Playing with querypic can be addictive, as I did when trying to work out how quickly the news of Abraham Lincoln’s assasination spread to Australia, or more accurately the happenstance element of the other things that you find along the way is incredibly addictive, such as this apology for delayed mail at a time when the mail steamers brought the news from overseas:
The detention of the mails this month arose from the incompetency of the Peninsular and Orient steamers to keep to the contract times. The rate of speed from Suez to Galle and King George’s Sound only averaged seven and a half knots per hour. Througout the average speed ofAustralian Steam Navigation Company’s mail steamer was ten and a half knots in unfavourable weather.
Amusement aside, the thing that looking at these old newspapers gives you is the realisation of the extent to which the American civil war was a worldwide sensation with regular reports from the battlefield. This was very much a reported war.
The war is usually represented in history books as an almost exclusively land based war, but reading these reports, it rapidly becomes clear that there was a substantial naval conflict with what the Confederacy styled commerce raiders and other privateers and worse preying on Union shipping. Much in the way that German auxiliary cruisers such as the Kormoran preyed on allied shipping during world war II.
The 1860’s was a time of change in shipping – steamships or sail assisted steamships were becoming the norm. The great shipping lines of the latter half of the nineteenth century were not yet in operation, and a lot of cargo was still carried on sailing ships – after all if the cargo was not time critical sail would do, and on the right route at the right time of year sail could still beat steam.
The other thing to realise is the importance of whaling. Whales provided the oil for oil lamps, making the supply of oil critical in a time when most lighting outside of towns and cities was in from oil lamps. Disrupting whaling would disrupt the supply of lighting oil and hence rural life and industry.
Whaling ships would sail from New England in pursuit of whales – for oil, for baleen.

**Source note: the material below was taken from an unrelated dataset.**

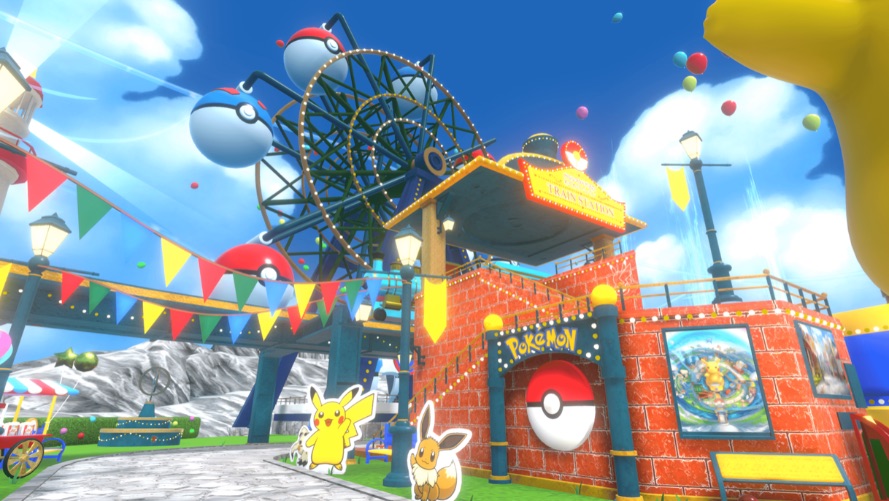 ポケモンバーチャルフェスト Pokemon Virtual Festival 精靈寶可夢9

The whalers would sail down to the Southern Ocean or round the Cape of Good Hope up to San Francisco and then up into the sea of Okhotsk.
San Francisco was a small wild whaling port at the time, and because of the lack of an overland route from the east coast almost as isolated as the colonial cities of Australia or New Zealand. Other towns on the west coast of America such as Portland and Seattle were not much more than logging camps and trading posts, meaning much of what went on in the northern Pacific was out of sight from news corrspondents.
And where the whalers went the Confederate privateers pursued them.
The Confederate navy was not based on the American mainland but unofficially and de facto in Liverpool, which was one of the largest ports in England at the time and the main import route for cotton from the southern states to the Lancashire cotton industry. The cotton industry was of critical importance to the south as their main export and earner of foreign currency. The Union however successfully blockaded the Confederate ports, and while some ships did run the blockade the trade was effectively strangled by the blockade.
Unsurprisingly when the southern blockade runners tried to get their cargo out it was to Liverpool, meaning that the Confederate government had a semi official office in the town, and gradually the role of this office changed from organising cotton shipments to acquiring ships, or having ships built and then moved to a friendly port to be commissioned and armed as confederate navy vessels.
Britain, shall we say, while officially neutral had an extremely lax interpretation of neutrality with shipyards in Liverpool and on the Clyde building blockade runners and later commerce raiders for the South.
These commerce raiders were front page news around the world. One of the privateers the Alabama, distinguished herself by sinking a Union vessel in sight of the shore off Cape Town, again something that was front page news at the time. The Alabama then ran for Cherbourg and was sunk nine miles off Cherbourg by a Union vesssel, the Kearsarge.
News of civil war naval engagement in the English Channel was a major sensation in both London and Australia, with graphic accounts of the conflict being published in the press.
Another privateer, the Florida was lying in Brest at the time, and when explosions were heard off of Jersey in fog a few days after the Alabama’s sinking it was assumed wrongly that the Kearsarge had found another victim. In fact neither the Kearsarge or its sister ship found the Florida.
The last of these privateers, the Shenandoah didn’t surrender until November 1865, more than six months after the end of the war, and then it was to a British naval vessel, the captain probably guessing that the British would be more acommodating than the Union navy.
To emphasise the global nature of the conflict, the Shenandoah had previously put in to Melbourne for repairs, something that was a major sensation for the newspapers in Victoria at the time, and consequently her surrender half a world away was most definitely newsworthy.
As well as giving a sense of the history, following the stories through shows how the news was relayed by the first news agencies, picking up and relaying stories from the English press to newspapers in Australia and New Zealand, and shows how the advent of the mail steamer and the telegraph meant that life in Australia ceased to be ‘life on Mars’ but life on somewhere connected to and engaged with the rest of planet Earth.